# Java moss



## blindkiller85 (Jan 8, 2011)

So I know this stuff will grow darn near dark conditions, I just want to make sure that I can keep it healthy with the little light I have on my 34g. It's a marineland accent lighting strip that's submersible and very weak being called accent lighting. Der? Fish poo will be the designated ferts (should be sufficient) and CO2 will not be provided other than my aerator, not a good job of CO2, and fish.

21" fixture
72 0.6 white LEDS (6500k)
16 .06 460NM blue
25/1121 par/lux at 12"
11/377 par/lux at 24"
550 lumens
http://www.marineland.com/Products/...f-aquarium-led-lighting-system.aspx#technical


----------



## lohachata (Jan 27, 2006)

yep...it will be just fine...


----------



## blindkiller85 (Jan 8, 2011)

Kinda what I figured, needed some expert advice as I've yet to venture into planted. Why not start simple, small and easy. 

Thinking about using a rock to attach it to so that I can easily maintain and take it out with ease to dunk it and get the poo/food out of it.

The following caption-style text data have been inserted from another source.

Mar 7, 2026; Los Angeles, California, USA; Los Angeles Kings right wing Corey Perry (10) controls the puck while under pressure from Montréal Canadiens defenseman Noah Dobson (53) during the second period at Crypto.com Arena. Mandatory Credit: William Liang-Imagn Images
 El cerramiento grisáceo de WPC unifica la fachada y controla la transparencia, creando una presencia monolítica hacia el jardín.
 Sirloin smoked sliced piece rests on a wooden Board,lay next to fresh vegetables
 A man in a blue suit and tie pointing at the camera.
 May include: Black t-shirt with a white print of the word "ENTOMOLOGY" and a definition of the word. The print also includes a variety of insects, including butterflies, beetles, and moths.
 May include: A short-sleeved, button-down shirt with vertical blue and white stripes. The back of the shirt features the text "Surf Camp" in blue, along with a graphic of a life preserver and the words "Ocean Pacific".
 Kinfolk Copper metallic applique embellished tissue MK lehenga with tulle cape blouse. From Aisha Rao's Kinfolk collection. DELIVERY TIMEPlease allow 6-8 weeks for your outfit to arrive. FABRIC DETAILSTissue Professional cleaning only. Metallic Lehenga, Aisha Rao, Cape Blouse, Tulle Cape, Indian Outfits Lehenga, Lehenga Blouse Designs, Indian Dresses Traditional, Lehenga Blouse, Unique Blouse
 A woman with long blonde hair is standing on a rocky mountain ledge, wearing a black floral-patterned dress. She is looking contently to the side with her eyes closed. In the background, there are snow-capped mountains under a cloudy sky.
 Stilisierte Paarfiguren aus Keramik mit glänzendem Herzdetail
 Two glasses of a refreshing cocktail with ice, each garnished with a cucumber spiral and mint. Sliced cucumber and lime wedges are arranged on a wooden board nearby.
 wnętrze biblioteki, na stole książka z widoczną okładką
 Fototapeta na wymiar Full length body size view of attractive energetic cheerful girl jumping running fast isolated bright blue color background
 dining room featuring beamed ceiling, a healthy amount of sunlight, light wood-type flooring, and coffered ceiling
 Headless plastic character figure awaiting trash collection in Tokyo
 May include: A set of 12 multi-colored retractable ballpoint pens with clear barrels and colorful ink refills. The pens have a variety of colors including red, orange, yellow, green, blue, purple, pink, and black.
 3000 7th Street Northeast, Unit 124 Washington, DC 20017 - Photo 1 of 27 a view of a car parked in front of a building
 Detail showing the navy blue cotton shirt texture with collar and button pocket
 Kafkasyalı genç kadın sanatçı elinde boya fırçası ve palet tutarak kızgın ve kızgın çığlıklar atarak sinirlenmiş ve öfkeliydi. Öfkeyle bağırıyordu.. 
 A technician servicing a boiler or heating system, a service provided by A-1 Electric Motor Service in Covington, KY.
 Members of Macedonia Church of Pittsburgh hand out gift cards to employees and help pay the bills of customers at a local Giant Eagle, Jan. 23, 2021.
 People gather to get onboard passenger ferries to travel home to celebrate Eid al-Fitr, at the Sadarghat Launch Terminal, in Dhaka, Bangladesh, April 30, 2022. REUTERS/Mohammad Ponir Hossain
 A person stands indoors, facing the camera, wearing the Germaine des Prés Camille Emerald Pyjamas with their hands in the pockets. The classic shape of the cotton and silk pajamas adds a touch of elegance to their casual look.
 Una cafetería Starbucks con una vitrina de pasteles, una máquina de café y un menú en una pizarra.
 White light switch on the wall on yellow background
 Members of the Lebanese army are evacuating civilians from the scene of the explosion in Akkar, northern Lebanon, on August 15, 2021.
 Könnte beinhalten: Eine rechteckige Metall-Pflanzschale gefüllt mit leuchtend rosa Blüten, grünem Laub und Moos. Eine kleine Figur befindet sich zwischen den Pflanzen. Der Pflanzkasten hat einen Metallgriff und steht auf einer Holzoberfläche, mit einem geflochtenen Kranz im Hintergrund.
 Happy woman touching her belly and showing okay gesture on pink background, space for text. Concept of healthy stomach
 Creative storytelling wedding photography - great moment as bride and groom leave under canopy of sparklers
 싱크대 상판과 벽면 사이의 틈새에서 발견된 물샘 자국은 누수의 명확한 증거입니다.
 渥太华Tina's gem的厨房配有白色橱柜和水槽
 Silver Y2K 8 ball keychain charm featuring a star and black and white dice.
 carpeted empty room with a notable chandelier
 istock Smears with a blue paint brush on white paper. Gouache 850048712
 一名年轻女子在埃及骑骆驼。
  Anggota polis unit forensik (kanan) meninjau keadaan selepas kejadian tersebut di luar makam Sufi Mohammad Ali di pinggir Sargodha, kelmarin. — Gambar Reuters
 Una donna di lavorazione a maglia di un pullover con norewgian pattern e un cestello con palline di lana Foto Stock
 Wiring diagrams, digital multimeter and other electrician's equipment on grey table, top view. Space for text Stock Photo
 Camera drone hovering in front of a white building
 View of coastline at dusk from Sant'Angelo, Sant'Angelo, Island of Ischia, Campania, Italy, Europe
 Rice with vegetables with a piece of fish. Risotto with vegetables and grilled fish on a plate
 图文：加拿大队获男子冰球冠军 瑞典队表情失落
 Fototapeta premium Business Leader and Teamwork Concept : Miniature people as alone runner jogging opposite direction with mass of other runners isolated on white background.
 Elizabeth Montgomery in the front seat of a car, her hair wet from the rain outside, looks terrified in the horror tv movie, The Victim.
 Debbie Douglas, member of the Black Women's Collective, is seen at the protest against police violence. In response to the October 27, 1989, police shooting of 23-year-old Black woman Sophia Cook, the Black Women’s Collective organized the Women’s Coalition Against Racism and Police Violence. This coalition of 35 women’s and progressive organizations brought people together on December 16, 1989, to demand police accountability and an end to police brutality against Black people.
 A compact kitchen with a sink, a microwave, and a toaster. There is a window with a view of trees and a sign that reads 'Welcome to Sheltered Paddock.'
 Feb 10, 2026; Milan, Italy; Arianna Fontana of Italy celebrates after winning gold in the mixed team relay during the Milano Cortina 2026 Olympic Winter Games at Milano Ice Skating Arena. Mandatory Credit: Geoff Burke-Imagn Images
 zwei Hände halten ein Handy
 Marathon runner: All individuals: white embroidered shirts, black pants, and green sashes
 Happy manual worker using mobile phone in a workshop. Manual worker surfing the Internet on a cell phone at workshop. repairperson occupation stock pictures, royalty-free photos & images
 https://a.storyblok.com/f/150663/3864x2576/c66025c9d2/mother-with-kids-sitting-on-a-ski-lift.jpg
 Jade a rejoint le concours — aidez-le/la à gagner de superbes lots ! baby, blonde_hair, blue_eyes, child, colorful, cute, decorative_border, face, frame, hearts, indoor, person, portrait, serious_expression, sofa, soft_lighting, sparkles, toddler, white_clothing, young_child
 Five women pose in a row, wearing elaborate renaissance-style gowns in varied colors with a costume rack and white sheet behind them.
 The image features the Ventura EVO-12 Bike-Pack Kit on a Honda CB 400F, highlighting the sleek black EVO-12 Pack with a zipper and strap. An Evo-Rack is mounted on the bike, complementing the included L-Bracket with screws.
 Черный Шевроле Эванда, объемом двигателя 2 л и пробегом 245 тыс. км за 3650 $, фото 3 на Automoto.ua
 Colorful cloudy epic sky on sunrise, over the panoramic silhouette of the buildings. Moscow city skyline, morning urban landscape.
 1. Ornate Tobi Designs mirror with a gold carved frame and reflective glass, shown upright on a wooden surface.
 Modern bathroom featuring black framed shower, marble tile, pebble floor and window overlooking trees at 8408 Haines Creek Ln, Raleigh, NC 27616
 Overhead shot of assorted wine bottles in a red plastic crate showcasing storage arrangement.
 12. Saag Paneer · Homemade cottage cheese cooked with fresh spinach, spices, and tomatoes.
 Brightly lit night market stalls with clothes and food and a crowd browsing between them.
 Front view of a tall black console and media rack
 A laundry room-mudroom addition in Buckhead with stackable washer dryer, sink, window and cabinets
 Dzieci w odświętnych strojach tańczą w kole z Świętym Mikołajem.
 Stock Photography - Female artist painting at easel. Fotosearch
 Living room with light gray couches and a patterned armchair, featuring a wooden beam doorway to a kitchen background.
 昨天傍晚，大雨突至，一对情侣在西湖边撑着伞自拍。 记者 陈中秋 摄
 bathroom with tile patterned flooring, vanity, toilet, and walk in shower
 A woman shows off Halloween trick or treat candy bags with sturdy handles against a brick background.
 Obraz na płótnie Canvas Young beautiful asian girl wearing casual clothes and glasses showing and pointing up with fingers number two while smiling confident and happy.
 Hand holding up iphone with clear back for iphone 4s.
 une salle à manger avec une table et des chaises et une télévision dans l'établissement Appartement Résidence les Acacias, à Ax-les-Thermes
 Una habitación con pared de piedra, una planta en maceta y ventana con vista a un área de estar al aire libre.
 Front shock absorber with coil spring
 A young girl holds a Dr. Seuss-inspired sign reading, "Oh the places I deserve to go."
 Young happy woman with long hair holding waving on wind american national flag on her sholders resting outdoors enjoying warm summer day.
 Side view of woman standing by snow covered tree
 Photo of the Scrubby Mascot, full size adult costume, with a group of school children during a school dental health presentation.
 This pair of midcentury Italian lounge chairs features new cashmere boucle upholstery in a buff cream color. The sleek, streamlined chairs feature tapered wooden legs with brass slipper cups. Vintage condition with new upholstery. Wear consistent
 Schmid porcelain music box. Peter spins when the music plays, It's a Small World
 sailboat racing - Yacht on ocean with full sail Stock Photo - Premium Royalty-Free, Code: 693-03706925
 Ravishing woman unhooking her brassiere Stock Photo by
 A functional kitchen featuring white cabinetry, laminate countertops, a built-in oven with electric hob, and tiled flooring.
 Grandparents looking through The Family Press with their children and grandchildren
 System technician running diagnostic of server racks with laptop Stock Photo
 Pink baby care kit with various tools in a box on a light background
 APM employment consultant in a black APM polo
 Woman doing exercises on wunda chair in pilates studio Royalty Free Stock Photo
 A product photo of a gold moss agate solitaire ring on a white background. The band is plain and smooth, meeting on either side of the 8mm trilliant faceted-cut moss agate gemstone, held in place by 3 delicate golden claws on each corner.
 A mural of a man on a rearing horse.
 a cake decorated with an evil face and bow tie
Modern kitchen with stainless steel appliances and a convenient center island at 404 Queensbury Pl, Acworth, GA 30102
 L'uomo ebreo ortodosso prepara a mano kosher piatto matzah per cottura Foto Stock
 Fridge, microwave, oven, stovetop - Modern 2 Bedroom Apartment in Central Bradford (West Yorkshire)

Basically turning it into an ornament within the tank.


----------



## hXcChic22 (Dec 26, 2009)

Our java moss will grow anywhere, it seems. If it clings closely enough to deco, it will eventually attach tendrils and take it over. We have a fake tree stump in one of our tanks that looks gorgeous and more natural now, thanks to the moss.


----------



## emc7 (Jul 23, 2005)

The only thing I've managed to kill java moss with is salt. If you find it goes brown on you, try java fern, I can grow that in my Tang tanks.


----------



## mousey (Jan 18, 2005)

Darn stuff gets into the filter and will sometimes get wrapped around the impeller!


----------



## blindkiller85 (Jan 8, 2011)

Come to figure out after looking at my parameters I might need to stop being so particular on my WC's to support any live plants. Nitrates didn't register on liquid or strips on my 125, 0 amm, 0 nitrite, 0 nitrate. And I haven't done a WC in 2 weeks, and I feed once to twice a day. My 34g is cycled with 0 ammonia, 0 nitrite and <10 nitrate.


----------



## BettaGuy (May 6, 2012)

Unless the water changes are too much work for you it is always a good idea, gives the plants some fresh micro nutrients


----------



## lohachata (Jan 27, 2006)

actually , water changes are not so much for the plants as they are for the fish...it has been found that more frequent water changes are very beneficial to the fish..


----------



## blindkiller85 (Jan 8, 2011)

The work of a WC isn't too much for me at all. I take particular care of everything that I care about, especially when it comes to a living animal. Admitting that I take too good of care that I don't have any nitrates for a live plant, and that I would have to back off I'm not sure I'm fond of that much lol


----------